In a report, "Generally Recognized as Secret: Chemicals Added to Food in the United States", Natural Resources Defense Council (NRDC) cited a lack of appropriate oversight by the U.S. Food and Drug Administration (FDA), calling for legislative changes to the process by which new ingredients are added to the U.S. food supply.
Under federal law, any substance that is added to food is deemed a food additive that is subject to premarket approval by FDA unless it is considered "generally recognized as safe" (GRAS) by qualified experts or otherwise excluded from the definition of a food additive.
Although food companies can notify FDA that a panel of experts has made a GRAS determination, they are not required to do so.
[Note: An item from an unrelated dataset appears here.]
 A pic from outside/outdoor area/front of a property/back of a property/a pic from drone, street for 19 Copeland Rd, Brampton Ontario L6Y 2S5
NRDC identified 275 chemicals from 56 companies that appear to be marketed as GRAS and used in food based on safety determinations that did not have to be reported to FDA or the public.
When companies submit to FDA a GRAS determination, the agency rejects the determination or prompts a withdrawal in one of five cases, according to NRDC. Based on GRAS notices submitted to FDA, but subsequently withdrawn, NRDC cited cases in which companies certified their chemicals as safe for use in food in spite of potentially serious allergic reactions or adverse reactions in combination with common drugs. The report also said companies have proposed using chemicals in food at significantly higher levels than the quantities the company determined are safe.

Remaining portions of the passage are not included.